Matthew Lopez’s profound play, The Inheritance, received a sterling, sensitive, and powerful treatment at Geffen Playhouse, complete with seriously smart direction by Mike Donahue. With a cast of committed and talented performers, the The Inheritance reached its full potential in its marathon, two-part presentation, and the commitment of the audience was deeply rewarded.


Inspired by E.M. Forster’s book, Howards End, Lopez has written a script which hits all the emotional notes while infusing humor, social and political commentary, and romantic discovery and risk into the characters’ journeys. This balance allows audiences to see themselves, or at least someone they know, in the stories, the exploits, the relationships, and the hardships. It’s a modern-day play which speaks volumes for marginalized communities who have been--and continue to be--silenced. Simply set in Jaimie Todd’s barebones scenic design of a large table which moved at different heights throughout the plays, the stage craft and ensemble-like staging of the play gave way to drawing focus to the messages in Lopez’s script.

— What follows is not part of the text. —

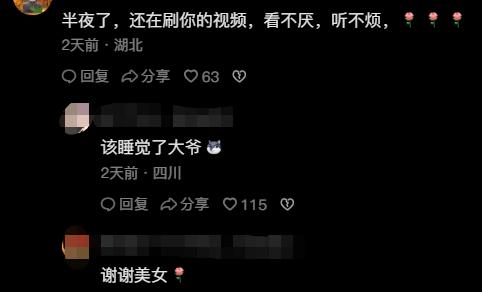 72岁老太太跨越1700公里去见网友,72岁老太跨越1700公里见男网红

Juan Castano delivered an impassioned, charismatically sassy performance as Toby. From the first scene, as the cast portrays students in a writing class, Castano struts, strides, and monologues his way to triumphant performance. Toby’s journey of struggling writer-made-famous, while finding tender love and fierce lust a pair of demons to wrestle with, is made achingly poignant, not just as an artistic journey but a human condition which plagues so many. Adam Kantor delivered an illuminating performance as Eric, a romantically positive foil to Toby. Kantor got few moments to have the explosive lambasts to Toby as their relationships implodes before our eyes, and he made every line count with a ripping essence that grounded his frustrations, both with society at large and his relationship in its intimacy. Rounding out the principal trio was Bradley James Tejeda in the dual role of Adam/Leo. Tejeda’s good-natured charm as Adam served as a refreshing presence among the reality-based grounding of the rest of the cast. However, Tejeda’s portrayal of how Adam was navigating life in gay culture as a boy of privilege, but not as experienced as his cohorts, gave him a depth of discovery which was enthralling to see develop. His turn as Leo was a solid performance, grounded in a coherent mumbling and no indication of where the character was going to go with Toby until it became blatantly obvious. Tejeda held his own opposite the dynamic pairing of Castano and Kantor, and did so with incredible commitment to how his characters best fit in Lopez’s script.


Bill Brochtrup as Morgan/Walter Poole, delivered an astute, narratively engaging elder to the younger cast of gay characters, and whose monologue in Part 1 was a stunning display of speaking craft, complemented wholly by Josh Epstein’s splendid lighting design. Tuc Watkins gave a marvelous performance as Henry Wilcox, widower to the deceased Walter, and keeper of the actual inheritance estate in question. Watkins’ holding back of the internal was well-displayed externally as his Walter and Eric grow in their own connection. Late in the show, Tantoo Cardinal as Margaret, the sole female-identifying and presenting character, gave audiences a fantastic monologue inciting context to the surrounding area in the play while giving astute commentary to some of society’s problems through her character’s poignant lens.


The Inheritance packs an emotional punch, much of which I won’t spoil (assuming you’re unaware of Howards End), but the material is a piece of epic theatre which yes, requires many of hours of sitting and listening; but let me assure you that it will be a rapturous two-show day for you should you ever have the chance to see it.